> WHAT TO DO: If a record holds a picture, please leave the picture out and copy the rest of the record exactly.

TASK INPUT Block Start

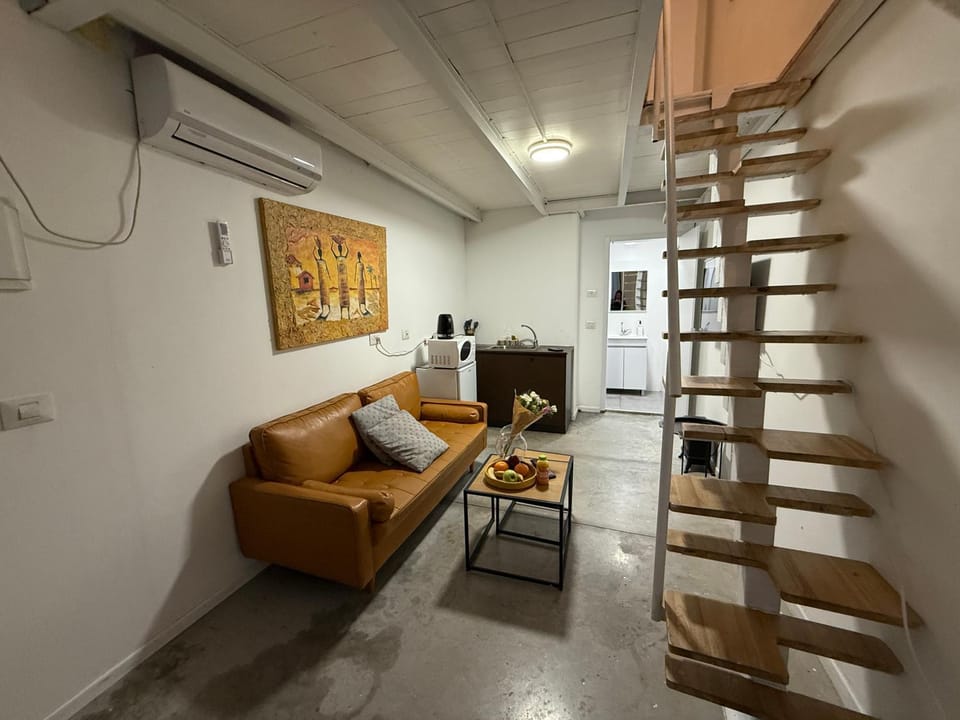 Young Florentine Loft Apartment in Tel Aviv-Yafo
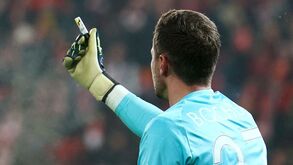 Enorme fairplay na Bundesliga: guarda-redes é atingido por isqueiro e equipas decidem parar de atacar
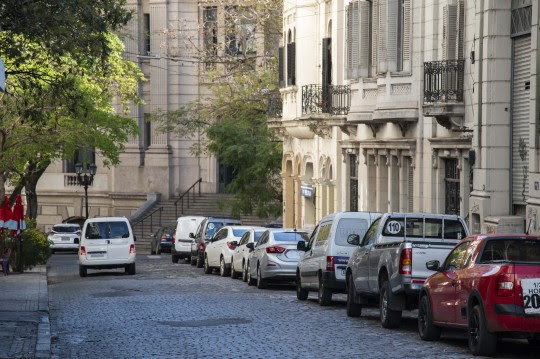 Ya rige la nueva disposición de estacionamiento en el área central y el municipio refuerza la difusión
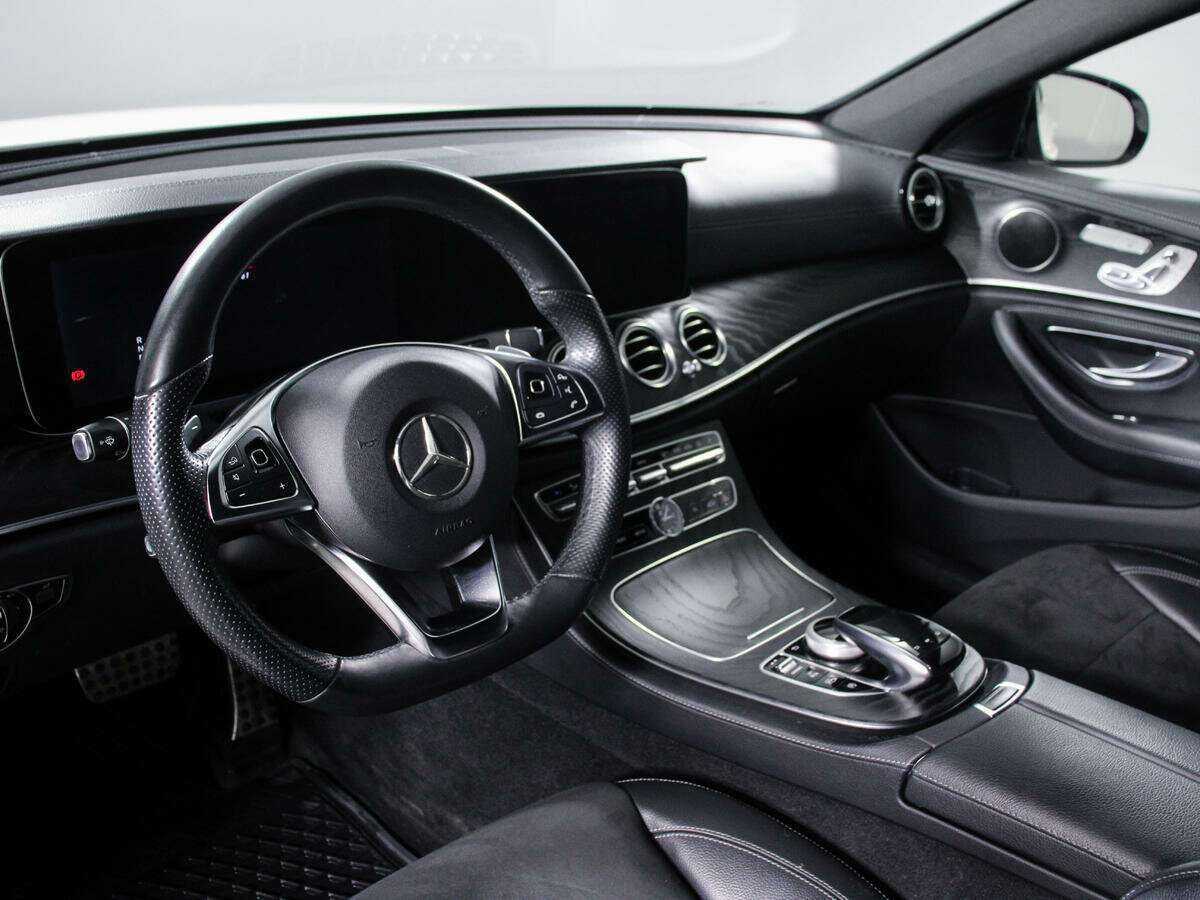 Mercedes-Benz E-Класс с пробегом — 2017 год. Фото: #10
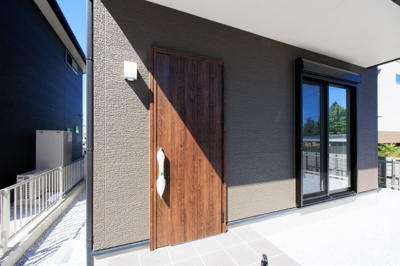 【玄関】 | サンコート 若松区鴨生田2丁目 | 【提携ローン利用可能】家賃と比べてください！金利0.6％台から提案可能です。家電費用やリフォーム費用も組み込めます。金利の高い車のローンもおまとめ提案できます(*^-^*)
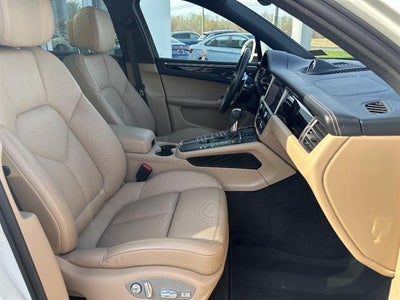 2021 Porsche Macan AWD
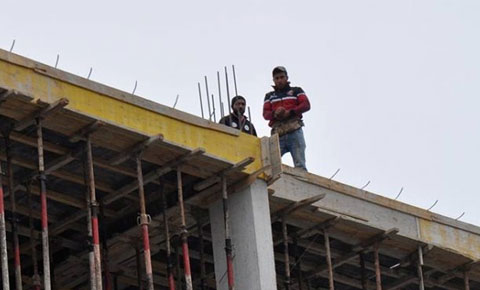 Tedbirler yetersiz işçiler ölüyor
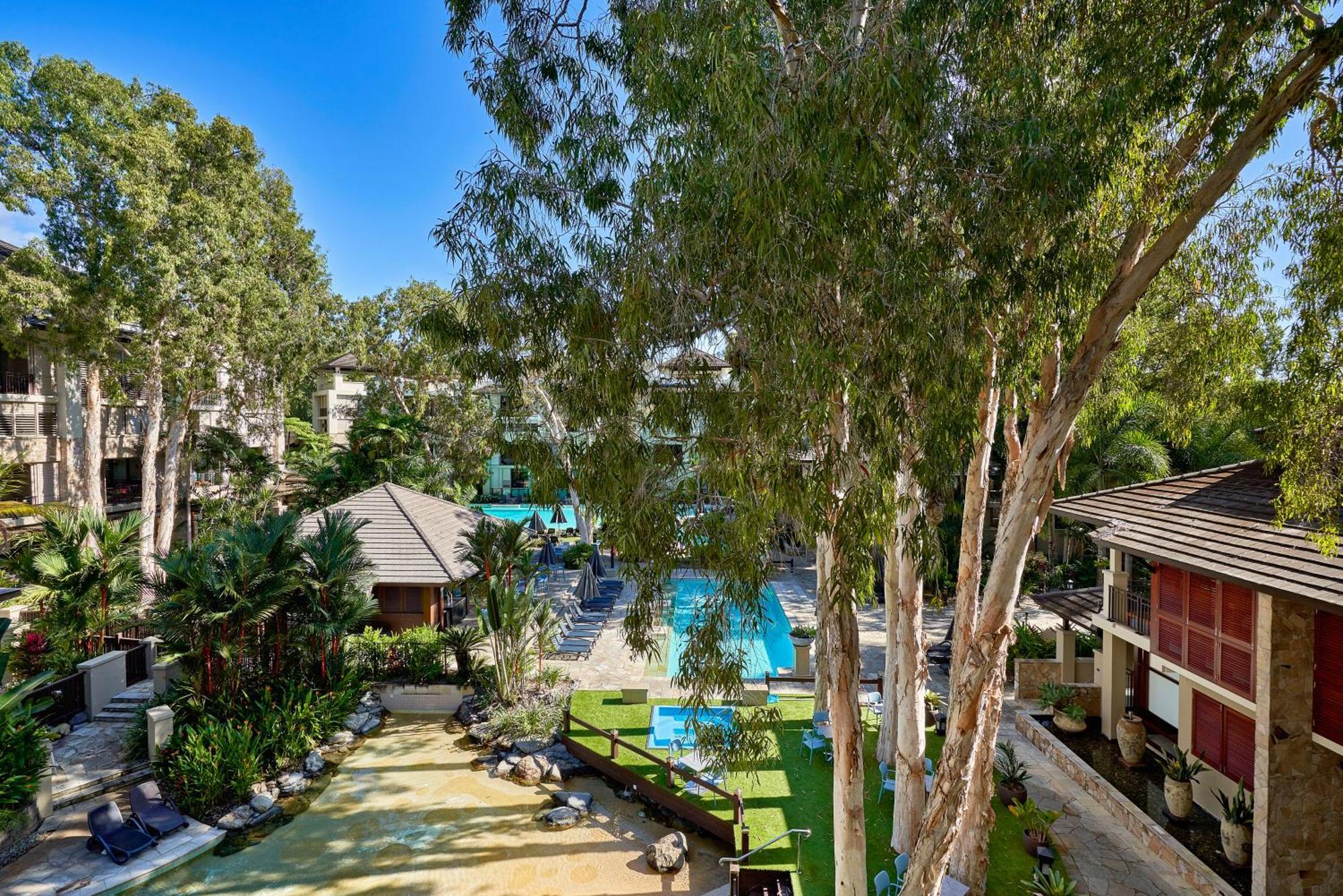 Private Apartments In The Temple Beachfront Resort Palm Cove Quarto foto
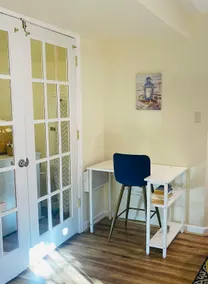 Cozy Retreat in the Heart of the City - Image 2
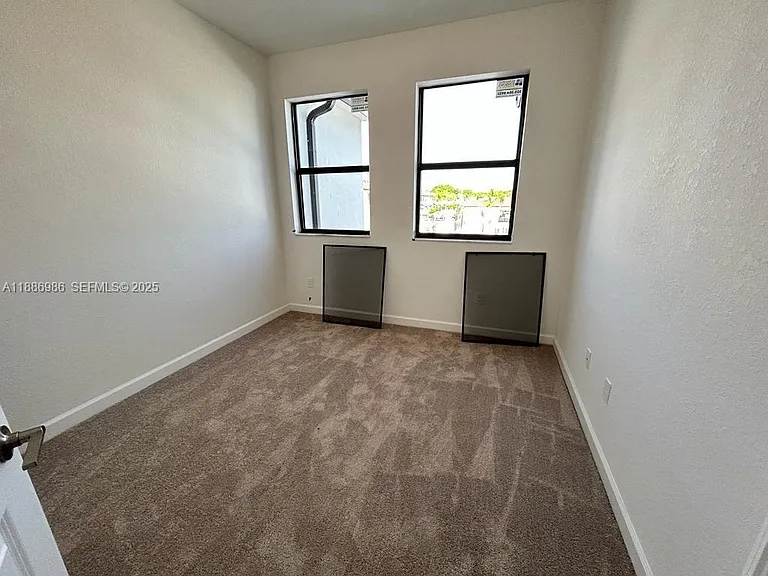 264 SW 159th Way — Photo 6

TASK INPUT Block End

> COMPLETED EXERCISE:
 Young Florentine Loft Apartment in Tel Aviv-Yafo
 Enorme fairplay na Bundesliga: guarda-redes é atingido por isqueiro e equipas decidem parar de atacar
 Ya rige la nueva disposición de estacionamiento en el área central y el municipio refuerza la difusión
 Mercedes-Benz E-Класс с пробегом — 2017 год. Фото: #10
 【玄関】 | サンコート 若松区鴨生田2丁目 | 【提携ローン利用可能】家賃と比べてください！金利0.6％台から提案可能です。家電費用やリフォーム費用も組み込めます。金利の高い車のローンもおまとめ提案できます(*^-^*)
 2021 Porsche Macan AWD
 Tedbirler yetersiz işçiler ölüyor
 Private Apartments In The Temple Beachfront Resort Palm Cove Quarto foto
 Cozy Retreat in the Heart of the City - Image 2
 264 SW 159th Way — Photo 6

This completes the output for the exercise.